The opinion of the court was delivered by: THOMAS VANASKIE, Chief Judge

*fn1 As indicated by Plaintiff in the caption of his complaint, he also goes under the alias names of Dhanny Vega and Daniel Vega. (Dkt. Entry 1, Compl. at 1.) He has filed numerous actions in this Court under both of these names.

MEMORANDUM

I. Introduction

  Plaintiff, Dhanniell Aquino, Sr., an inmate at the State Correctional Institution at Houtzdale (SCI-Houtzdale), Pennsylvania, has brought this action under 42 U.S.C. § 1983. Named as Defendants are various individuals employed at the Siena Halfway House, Harrisburg, Pennsylvania. Among those listed as Defendants are two Doe defendants. Aquino alleges that, while at the Siena Halfway House, Defendants forced him to take medication to which he is allergic, triggering his diabetes as well as causing other injuries. He also alleges violations of his First Amendment right to free exercise of religion. Simultaneous with the filing of his complaint, Aquino submitted an application to proceed in forma pauperis in this matter. (Dkt. Entry 2.) For the reasons outlined below, Aquino's complaint will be dismissed, without prejudice, pursuant to 28 U.S.C. § 1915(g). His motion to proceed in forma pauperis is moot.

  II. Standard of Review

  The Prison Litigation Reform Act of 1996 ("PLRA"), in an effort to halt the filing of meritless inmate litigation, enacted what is commonly referred to as the "three strikes" rule. Codified at 28 U.S.C. § 1915(g), the "three strikes" rule provides that an inmate who has had three prior actions or appeals dismissed as frivolous, malicious, or for failing to state a viable claim may not proceed in a civil action in forma pauperis "unless the prisoner is in imminent danger of serious physical injury." See 28 U.S.C. § 1915(g); Abdul-Akbar v. McKelvie, 239 F.3d 307, 312 (3d Cir. 2001) (en banc), cert. denied, 533 U.S. 953 (2001). The "imminent danger" exception to § 1915(g)'s "three strikes" rule is available "for genuine emergencies," where "time is pressing" and "a threat . . . is real and proximate." Lewis v. Sullivan, 279 F.3d 526, 531 (7th Cir. 2002).
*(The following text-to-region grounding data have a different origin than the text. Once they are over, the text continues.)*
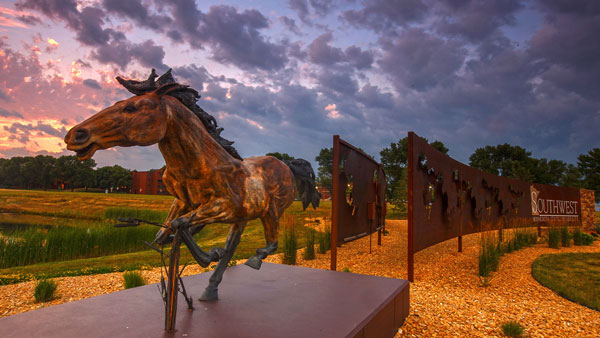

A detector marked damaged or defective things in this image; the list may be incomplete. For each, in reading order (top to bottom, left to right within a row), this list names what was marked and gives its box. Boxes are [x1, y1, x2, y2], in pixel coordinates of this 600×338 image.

rusted metal sign panel [330, 135, 386, 270]
rusted metal sign panel [408, 132, 580, 280]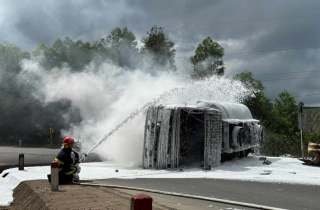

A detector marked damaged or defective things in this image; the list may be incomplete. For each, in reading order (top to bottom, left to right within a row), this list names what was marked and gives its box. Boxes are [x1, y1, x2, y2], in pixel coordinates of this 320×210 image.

overturned tanker truck [142, 101, 262, 170]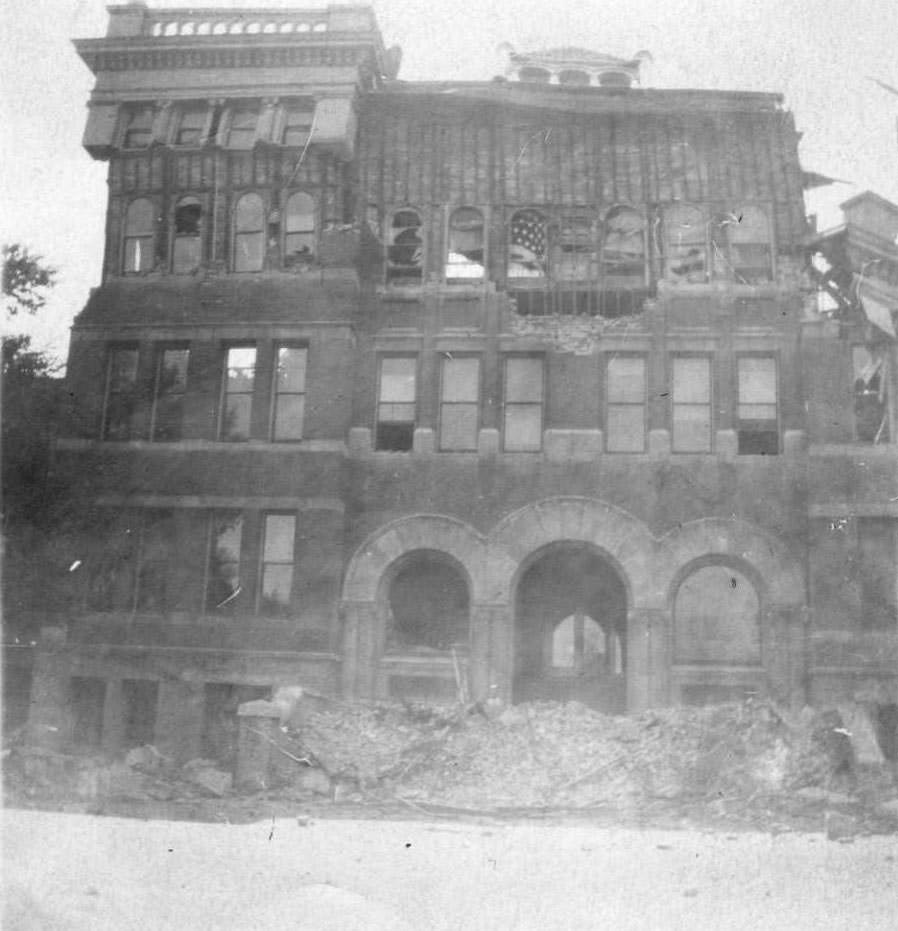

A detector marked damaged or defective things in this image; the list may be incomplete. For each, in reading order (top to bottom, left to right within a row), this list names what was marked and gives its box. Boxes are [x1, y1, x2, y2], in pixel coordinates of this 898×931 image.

broken window [121, 106, 153, 148]
broken window [172, 106, 206, 147]
broken window [226, 108, 258, 149]
broken window [282, 104, 314, 147]
broken window [122, 199, 154, 274]
broken window [170, 195, 201, 272]
broken window [233, 193, 264, 272]
broken window [288, 193, 318, 264]
broken window [384, 209, 424, 282]
broken window [442, 209, 484, 282]
broken window [508, 211, 548, 280]
broken window [552, 217, 596, 282]
broken window [600, 209, 644, 282]
broken window [660, 207, 704, 284]
broken window [712, 207, 768, 284]
broken window [103, 346, 140, 440]
broken window [150, 348, 188, 442]
broken window [219, 346, 254, 440]
broken window [272, 346, 306, 440]
broken window [380, 356, 418, 452]
damaged brick building [21, 3, 896, 764]
broken window [438, 356, 480, 452]
broken window [500, 356, 544, 452]
broken window [600, 354, 644, 454]
broken window [668, 356, 712, 452]
broken window [736, 356, 776, 456]
broken window [852, 346, 884, 444]
broken window [205, 510, 242, 612]
broken window [260, 512, 296, 616]
broken window [386, 556, 468, 652]
broken window [672, 564, 756, 668]
broken window [856, 520, 896, 628]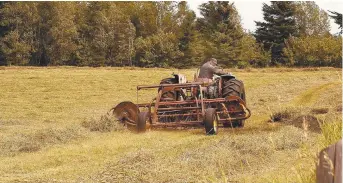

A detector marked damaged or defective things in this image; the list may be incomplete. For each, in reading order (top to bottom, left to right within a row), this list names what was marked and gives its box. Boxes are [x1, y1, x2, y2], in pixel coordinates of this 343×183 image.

rusty farm equipment [111, 72, 251, 134]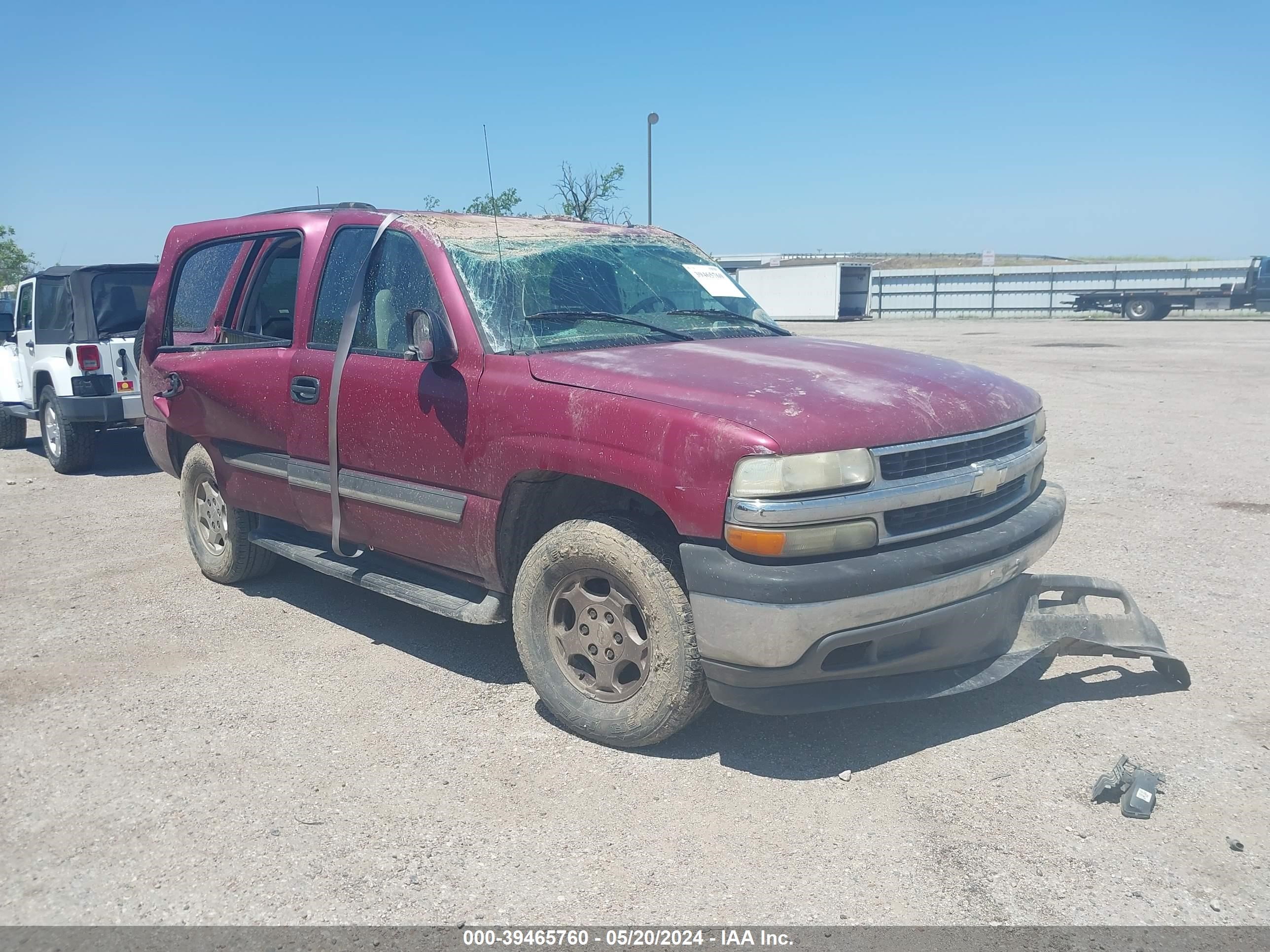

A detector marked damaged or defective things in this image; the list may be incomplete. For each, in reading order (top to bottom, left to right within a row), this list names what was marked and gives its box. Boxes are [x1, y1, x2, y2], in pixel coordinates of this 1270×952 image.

  Dismissals of actions entered prior to the effective date of the PLRA are counted toward the "three strikes." See Keener v. Pennsylvania Board of Probation and Parole, 128 F.3d 143, 1444-45 (3d Cir. 1997) (holding that dismissals of actions as frivolous before 1996 "are included among the three that establish the threshold for requiring a prisoner to pay the full docket fees unless the prisoner can show he or she is `under imminent danger of serious physical injury'"). The "three strikes" provision does not bar disqualified inmates from filing additional actions, but it does deny them the opportunity to proceed in forma pauperis and requires them to pay the required filing fee.

  III. Discussion

  Since July of 1995 Plaintiff has initiated twenty-six (26) civil actions in this Court. Many of these actions were dismissed as legally frivolous or for failure to state a claim upon which relief can be granted. The following are three of his later actions dismissed on this basis: Vega v. Dauphin County Prison, et al., Civil No. 3:CV-96-0154 (M.D. Pa. August 27, 1996) (Vanaskie, C.J.); Vega v. Zugay, et al., 3:CV-96-0546 (M.D. Pa. November 27, 1996) (Vanaskie, C.J.); Vega v. Bishop, et al., 3:CV-96-0591 (M.D. Pa. February 18, 1997) (Vanaskie, C.J.). These dismissals qualify as "strikes" for purposes of determining whether Plaintiff can proceed in forma pauperis in this action.

  As for the present action, there is no indication that Plaintiff is in danger of imminent "serious physical injury." The incidents of which he complains occurred at the Siena Halfway House, and Plaintiff is now confined at SCI-Houtzdale. Consequently, the above-captioned action will be dismissed under § 1915(g). An appropriate Order follows. ORDER

  NOW, THIS 19th DAY OF OCTOBER, 2005, for the reasons set forth in the accompanying Memorandum, IT IS HEREBY ORDERED THAT:

1. Plaintiff's motion to proceed in forma pauperis (Dkt. Entry 2) is denied as moot.
2. Plaintiff's complaint is dismissed, without prejudice, pursuant to 28 U.S.C. § 1915(g).
3. The Clerk of Court is directed to close this case.
4. Any appeal from this Order will be deemed frivolous and not taken in good faith. See 28 U.S.C. § 1915(a).